WHAT TO WORK ON:
In the listing below, find the line that contains "PROMED digitales Fieberthermometer PFT-3.7" and the line that contains "Recensione JOCCA 6017: Massaggiatore". Quote both and every line between them, exactly, and nothing more.

RECORD SET:
------

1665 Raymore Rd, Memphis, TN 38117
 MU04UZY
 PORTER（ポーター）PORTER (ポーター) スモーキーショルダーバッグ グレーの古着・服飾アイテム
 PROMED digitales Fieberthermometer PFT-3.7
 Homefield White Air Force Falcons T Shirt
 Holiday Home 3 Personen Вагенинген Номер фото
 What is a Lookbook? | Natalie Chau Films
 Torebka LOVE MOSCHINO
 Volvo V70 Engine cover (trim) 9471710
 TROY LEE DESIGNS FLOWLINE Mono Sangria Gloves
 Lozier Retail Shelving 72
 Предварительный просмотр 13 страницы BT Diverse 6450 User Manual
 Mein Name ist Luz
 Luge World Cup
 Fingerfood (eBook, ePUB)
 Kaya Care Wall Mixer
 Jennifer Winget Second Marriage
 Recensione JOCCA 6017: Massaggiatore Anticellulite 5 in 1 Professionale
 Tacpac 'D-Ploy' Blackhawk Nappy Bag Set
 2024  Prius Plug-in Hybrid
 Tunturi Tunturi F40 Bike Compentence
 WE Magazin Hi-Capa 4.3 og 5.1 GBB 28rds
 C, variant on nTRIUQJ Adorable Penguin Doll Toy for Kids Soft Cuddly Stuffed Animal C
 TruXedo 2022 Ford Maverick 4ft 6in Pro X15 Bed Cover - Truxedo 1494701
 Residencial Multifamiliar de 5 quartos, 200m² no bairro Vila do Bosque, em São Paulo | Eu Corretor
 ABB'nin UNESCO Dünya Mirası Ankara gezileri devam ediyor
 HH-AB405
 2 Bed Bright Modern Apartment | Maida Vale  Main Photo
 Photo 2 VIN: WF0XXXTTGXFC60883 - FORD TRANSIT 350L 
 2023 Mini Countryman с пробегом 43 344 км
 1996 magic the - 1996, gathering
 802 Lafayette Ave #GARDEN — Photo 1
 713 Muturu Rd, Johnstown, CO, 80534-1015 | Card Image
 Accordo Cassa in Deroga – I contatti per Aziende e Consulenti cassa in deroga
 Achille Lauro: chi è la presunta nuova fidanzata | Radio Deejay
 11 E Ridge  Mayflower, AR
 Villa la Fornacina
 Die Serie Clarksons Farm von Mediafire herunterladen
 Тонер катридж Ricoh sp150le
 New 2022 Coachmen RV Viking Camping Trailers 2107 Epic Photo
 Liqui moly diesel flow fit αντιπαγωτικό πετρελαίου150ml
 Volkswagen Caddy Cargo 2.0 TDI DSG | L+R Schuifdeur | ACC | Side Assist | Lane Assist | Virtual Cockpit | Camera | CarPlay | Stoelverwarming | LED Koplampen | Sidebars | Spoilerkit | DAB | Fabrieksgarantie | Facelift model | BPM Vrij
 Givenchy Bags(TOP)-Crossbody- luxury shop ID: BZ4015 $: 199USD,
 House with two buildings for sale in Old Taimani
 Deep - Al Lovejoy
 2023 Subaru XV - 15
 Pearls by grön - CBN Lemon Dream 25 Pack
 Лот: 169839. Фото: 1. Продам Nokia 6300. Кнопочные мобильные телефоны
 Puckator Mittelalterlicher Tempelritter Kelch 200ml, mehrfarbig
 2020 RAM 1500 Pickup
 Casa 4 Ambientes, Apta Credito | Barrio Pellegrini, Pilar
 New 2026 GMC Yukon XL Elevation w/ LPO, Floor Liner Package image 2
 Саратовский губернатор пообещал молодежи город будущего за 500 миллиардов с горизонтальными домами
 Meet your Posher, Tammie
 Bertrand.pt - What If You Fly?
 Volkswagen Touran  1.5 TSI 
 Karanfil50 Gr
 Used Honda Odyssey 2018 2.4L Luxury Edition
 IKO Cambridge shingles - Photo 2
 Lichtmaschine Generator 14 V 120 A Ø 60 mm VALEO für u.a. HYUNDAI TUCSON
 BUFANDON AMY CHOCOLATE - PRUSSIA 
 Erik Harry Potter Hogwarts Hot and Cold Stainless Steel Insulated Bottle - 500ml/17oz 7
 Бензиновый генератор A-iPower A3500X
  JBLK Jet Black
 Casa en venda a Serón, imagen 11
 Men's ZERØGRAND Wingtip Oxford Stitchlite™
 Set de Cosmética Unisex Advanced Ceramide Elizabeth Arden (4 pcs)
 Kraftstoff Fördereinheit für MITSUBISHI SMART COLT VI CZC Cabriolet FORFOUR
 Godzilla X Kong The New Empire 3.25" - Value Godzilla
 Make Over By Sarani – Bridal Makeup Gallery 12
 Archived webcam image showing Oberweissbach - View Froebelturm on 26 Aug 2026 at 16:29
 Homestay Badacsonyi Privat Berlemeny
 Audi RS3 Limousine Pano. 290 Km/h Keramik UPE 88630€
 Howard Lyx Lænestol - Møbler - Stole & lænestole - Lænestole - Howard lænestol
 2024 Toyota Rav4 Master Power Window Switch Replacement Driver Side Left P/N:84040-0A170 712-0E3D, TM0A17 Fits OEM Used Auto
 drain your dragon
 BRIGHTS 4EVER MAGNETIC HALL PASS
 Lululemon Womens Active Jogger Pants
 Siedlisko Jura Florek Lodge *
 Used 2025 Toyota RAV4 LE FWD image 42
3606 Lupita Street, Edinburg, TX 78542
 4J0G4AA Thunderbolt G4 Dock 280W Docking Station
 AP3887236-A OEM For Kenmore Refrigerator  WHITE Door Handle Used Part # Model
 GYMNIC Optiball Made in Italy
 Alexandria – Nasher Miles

------

ANSWER BELOW:
 PROMED digitales Fieberthermometer PFT-3.7
 Homefield White Air Force Falcons T Shirt
 Holiday Home 3 Personen Вагенинген Номер фото
 What is a Lookbook? | Natalie Chau Films
 Torebka LOVE MOSCHINO
 Volvo V70 Engine cover (trim) 9471710
 TROY LEE DESIGNS FLOWLINE Mono Sangria Gloves
 Lozier Retail Shelving 72
 Предварительный просмотр 13 страницы BT Diverse 6450 User Manual
 Mein Name ist Luz
 Luge World Cup
 Fingerfood (eBook, ePUB)
 Kaya Care Wall Mixer
 Jennifer Winget Second Marriage
 Recensione JOCCA 6017: Massaggiatore Anticellulite 5 in 1 Professionale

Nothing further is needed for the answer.